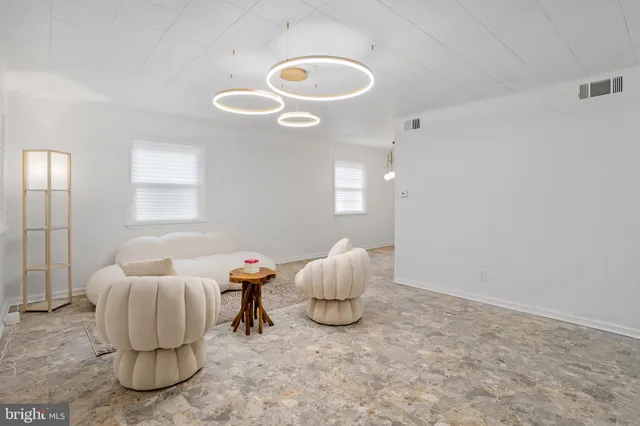 a room with cabinets and a window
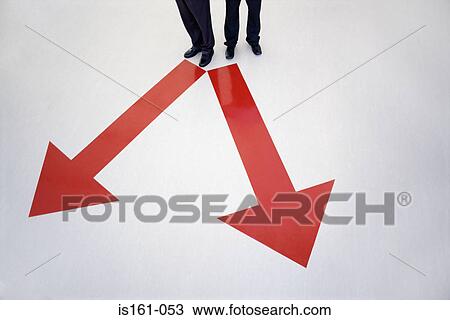 Men standing between direction arrows View Large Photo Image Stock Image - Men standing between direction arrows. Fotosearch
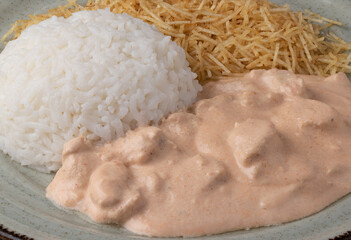 Focus on chicken stroganoff (estrogonofe de frango) with rice and stick potato on green plate.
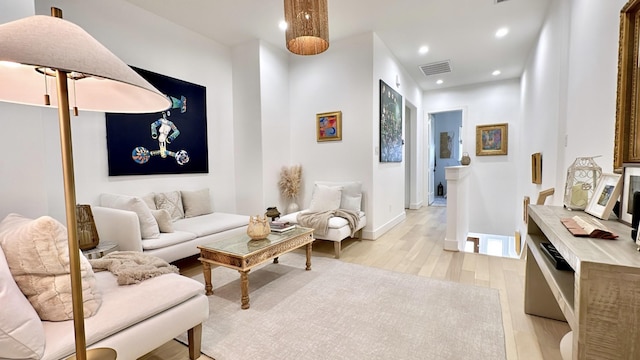 living room featuring light wood-type flooring, baseboards, visible vents, and recessed lighting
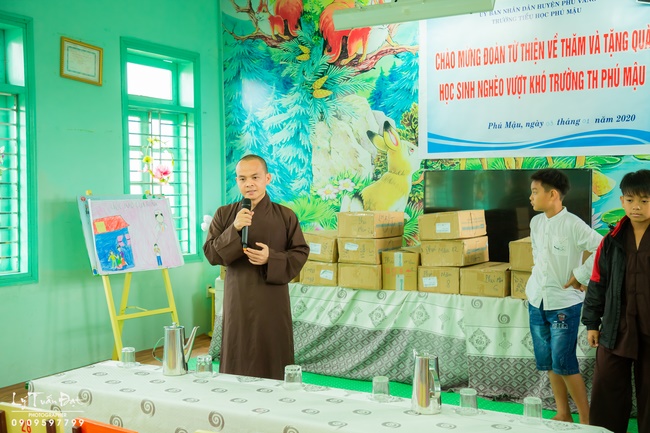 Giving gifts to pupils on occasion preparing Lunar New Year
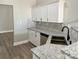 Well-designed kitchen with white cabinets, stainless steel appliances, and modern countertops at 4049 Fincher Rd # 3, Matthews, NC 28104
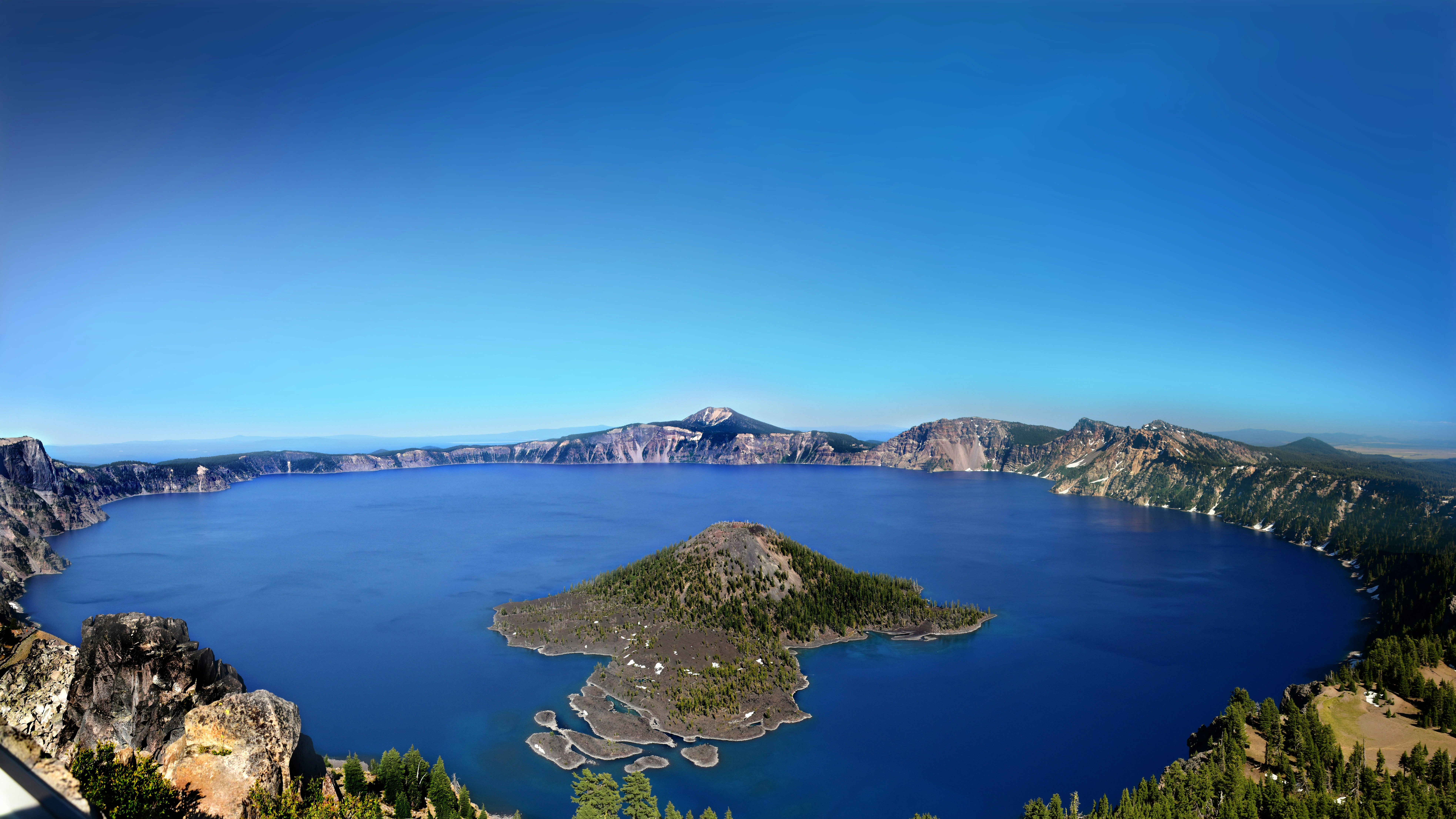 a large body of water surrounded by mountains, A sweeping view from the lookout tower at the top of Watchman Lookout Trail at Crater Lake NP, Oregon, USA.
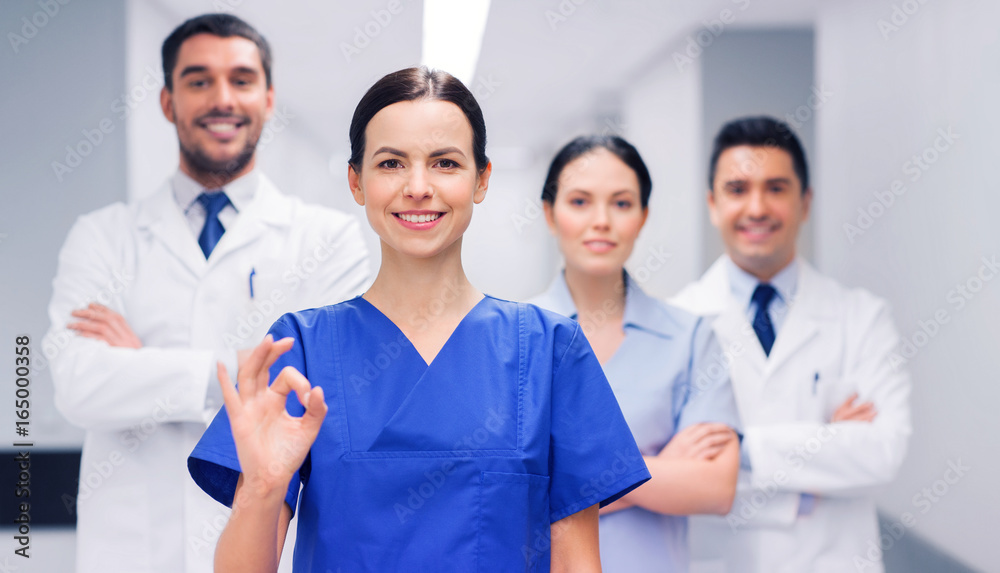group of medics at hospital showing ok hand sign group of medics at hospital showing ok hand sign
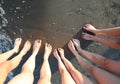 Barefoot of the happy family of five people with father mother a Royalty Free Stock Photo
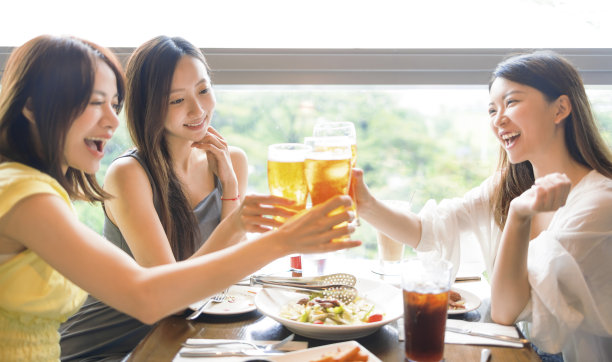 快乐的年轻女性朋友在餐馆里碰杯喝啤酒图片 快乐的年轻女性朋友在餐馆里碰杯喝啤酒图片下载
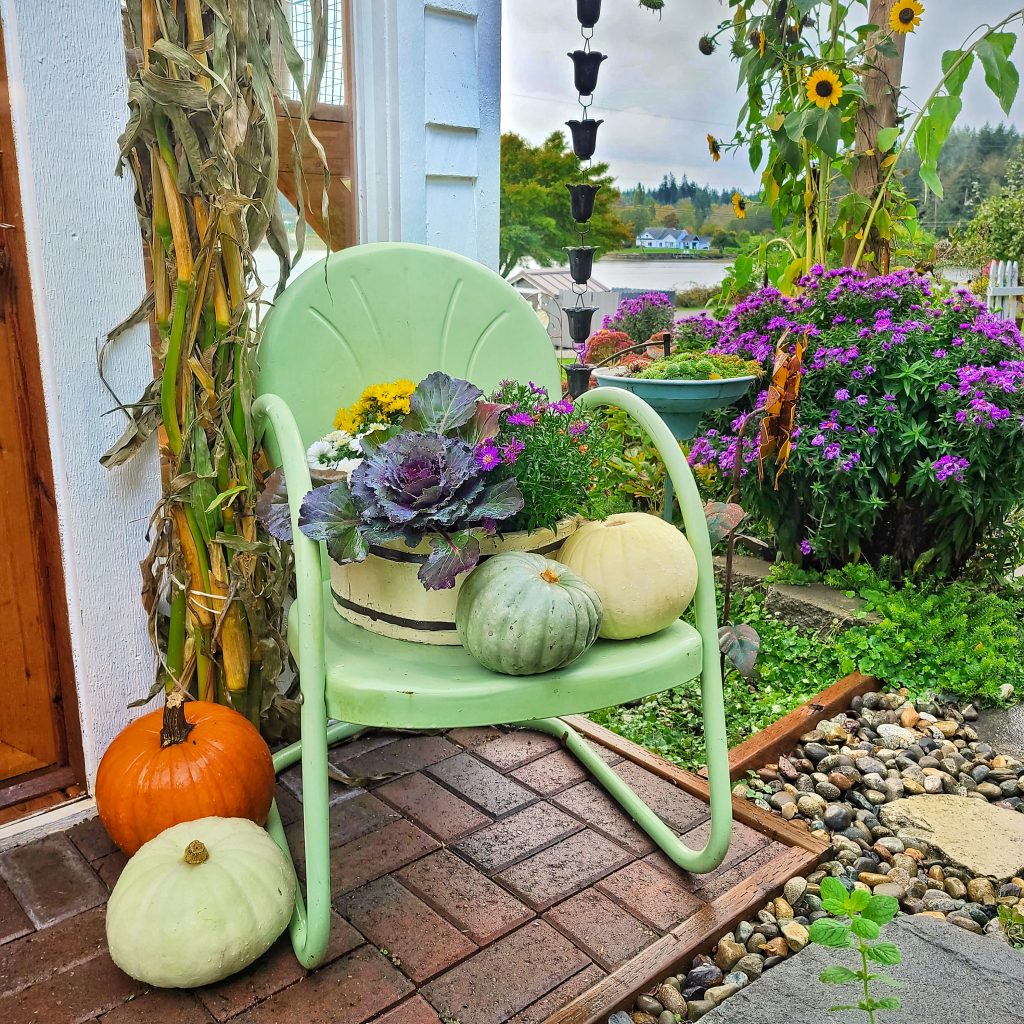 green vintage metal chair with fall flowers and pumpkins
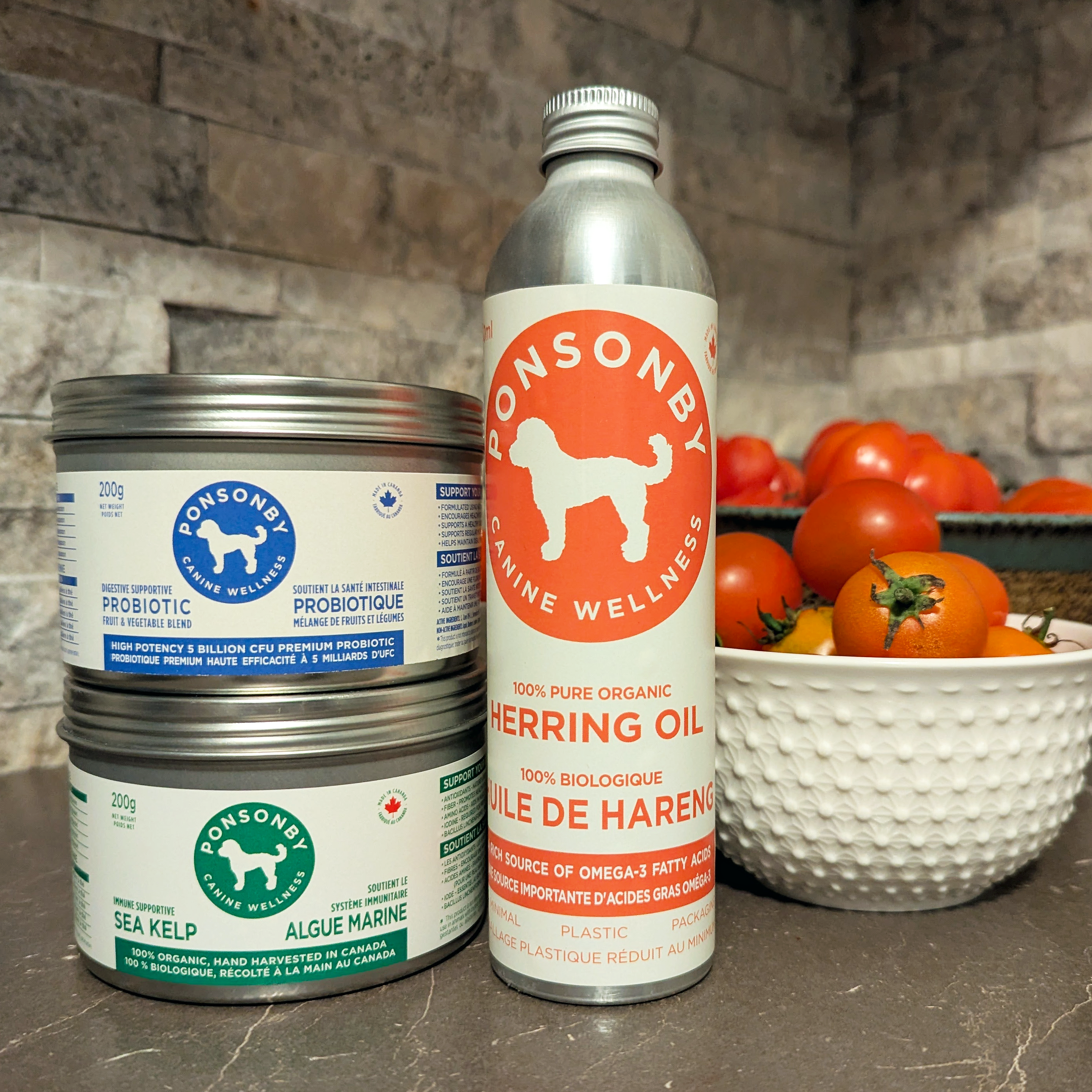Three Ponsonby pet product containers on a stone surface with tomatoes in the background.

.....

## Task statement:
An acceptable answer holds exactly the lines from the one with "Focus on chicken" through the end of the entries above, both ends kept, and no pictures at all.

## Reply:
 Focus on chicken stroganoff (estrogonofe de frango) with rice and stick potato on green plate.
 living room featuring light wood-type flooring, baseboards, visible vents, and recessed lighting
 Giving gifts to pupils on occasion preparing Lunar New Year
 Well-designed kitchen with white cabinets, stainless steel appliances, and modern countertops at 4049 Fincher Rd # 3, Matthews, NC 28104
 a large body of water surrounded by mountains, A sweeping view from the lookout tower at the top of Watchman Lookout Trail at Crater Lake NP, Oregon, USA.
group of medics at hospital showing ok hand sign group of medics at hospital showing ok hand sign
 Barefoot of the happy family of five people with father mother a Royalty Free Stock Photo
 快乐的年轻女性朋友在餐馆里碰杯喝啤酒图片 快乐的年轻女性朋友在餐馆里碰杯喝啤酒图片下载
 green vintage metal chair with fall flowers and pumpkins
Three Ponsonby pet product containers on a stone surface with tomatoes in the background.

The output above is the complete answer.